The commission system for long-term savings in the United Kingdom creates the potential for advisor bias and, as a result, independent financial advisors (known in America as brokers) need to become genuinely independent, through changes in the system of remuneration, says a report of the U.K. long-term retail savings market.
Research conducted by the U.K. regulator, the Financial Services Authority, “found statistically significant evidence of advisors recommending one providers offering over another because it paid a higher commission,” according to the “Sandler Review,” an analysis of the U.K. retail savings market, under the direction of Ron Sandler, the former chief executive of Lloyds of London.
To prevent the inherent conflict of interest, make it more difficult for commission bias to exist and create stronger commercial incentives for IFAs to become genuinely independent, the review suggests that remuneration should be “the subject of negotiation purely between the advisor and the consumer with no provider involvement.”

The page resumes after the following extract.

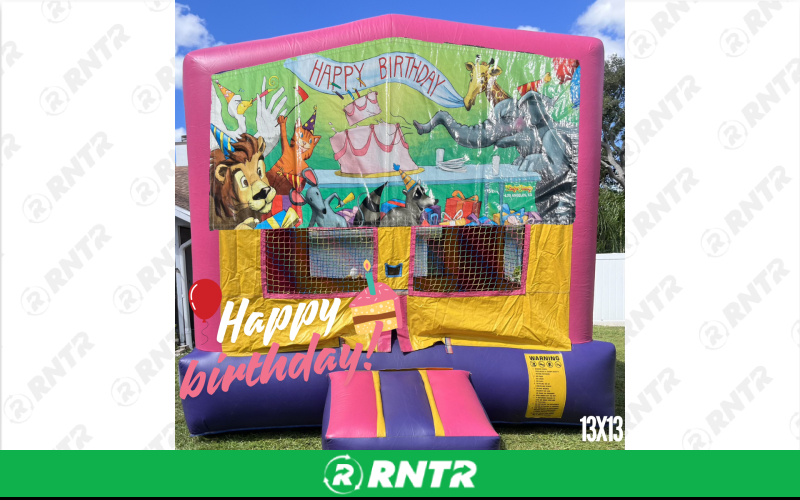 Generic Girl Neutral 13x13 Bounce House - Happy Birthday – For rent in Sarasota, Florida – Joyland Rentals | RNTR.com – Image 1 of 1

“I am keen to see advisors rewards, even if not paid in the form of an upfront fee, being negotiated between the advisor and his client, rather than determined by negotiation between advisor and provider, from which so many perverse incentives flow,” says Sandler in the forward to his report.
“This method of payment would enable the development of a properly functioning market in advice,” the report continues. “Consumers would be much more aware that they were purchasing advice, distinct from the product, at a cost.”
The report suggests that the payment could take a number of forms:
- A conventional hourly or fixed fee, which would be paid regardless of whether a sale was completed;
- Contingent on a sale, as commission is currently;
- Expressed as a percentage of the value of the assets under management.
“At the start of a relationship, and periodically thereafter, the advisor would present the consumer with a tariff sheet setting out his charges,” the report says.
The review recommends that the independence of an advisor should be compatible with a sales-contingent fee.
“Making payment for advice contingent on a sale of some sort tends to bias the advisor against recommending that the consumer do nothing, even if that is the best advice,” the review notes.
The definition of an “independent advisor” should be that he or she is an advisor who is not paid by a provider, the report says, adding that the use of the word “advisor” should be restricted to those who meet this criterion for independence.
“While advisor covers a wide range of relationships, it principally carries the connotation of acting solely in the interest of the client,” the review affirms. “A term such as financial product distributor more accurately describes an advisor whose remuneration arrangements are decided with product providers. Restricting the use of advisor in this way would enhance the value of independent status.”